Silicon-based computers will never be able to solve certain problems. This is true even if the number of transistors on a chip doubles every year or two for many years—with corresponding gains in performance.
Merely combining these densely packed chips into multicore CPUs and stringing these CPUs into super-grid platforms does not change the fact that these processors work more or less serially on problems, and many large optimization problems would take more than 10 billion years to solve serially, even on a computer that analyzed a million possible solutions per second.
This optimization conundrum is called the “traveling salesman problem,” which involves figuring out the shortest route to take when traveling to a specific number of cities. When the salesperson’s trip involves only five interconnected cities, there are only 12 possible routes, which can be readily plotted and measured by hand, and the shortest route easily selected from the small list. But when the number of cities increases only slightly—say from five to 25—the number of possible solutions increases exponentially, surpassing the capabilities of a classical computer.
Enter the quantum computer.
Classical computers store numbers—0s and 1s—as directional magnetic fields, working with charges determined by the flow of hundreds of electrons. (This is being reduced by each advance of Moore’s Law, with a natural limit of one electron.) In contrast, Quantum computers work with the state of a single electron, and harness unique, strange characteristics of subatomic particles, namely: superposition, entanglement and interference.

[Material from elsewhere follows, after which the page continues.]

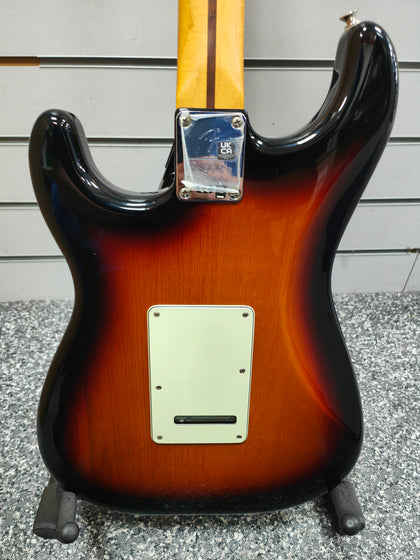 Fender Player Plus Stratocaster® HSS 3-Colour Sunburst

Superposition refers to the fact that quantum bits, or qubits, can simultaneously take on two values. That is, they can take on the value “1” and the value “0” at the same time.
Entanglement refers to the fact that each qubit in a co-generated pair can reflect changes made to the other, no matter how far apart they are. Change the state of a qubit in New York, and its twin in Los Angeles reflects that change instantly.
Interference refers to the way quantum computers can read the results of their computations—the qubits—without altering their value, an essential characteristic. The reason this is important, according to Heisenberg’s uncertainty principle, is that at the minuscule subatomic level, merely examining a particle alters it. Interference allows the result to be read indirectly without changing it.
This may seem inconceivable, but the key points are relatively simple: Quantum computers use the smallest things we know of in the universe to calculate and maintain state, and they can investigate all parallel alternatives of a problem simultaneously. They also use very little energy.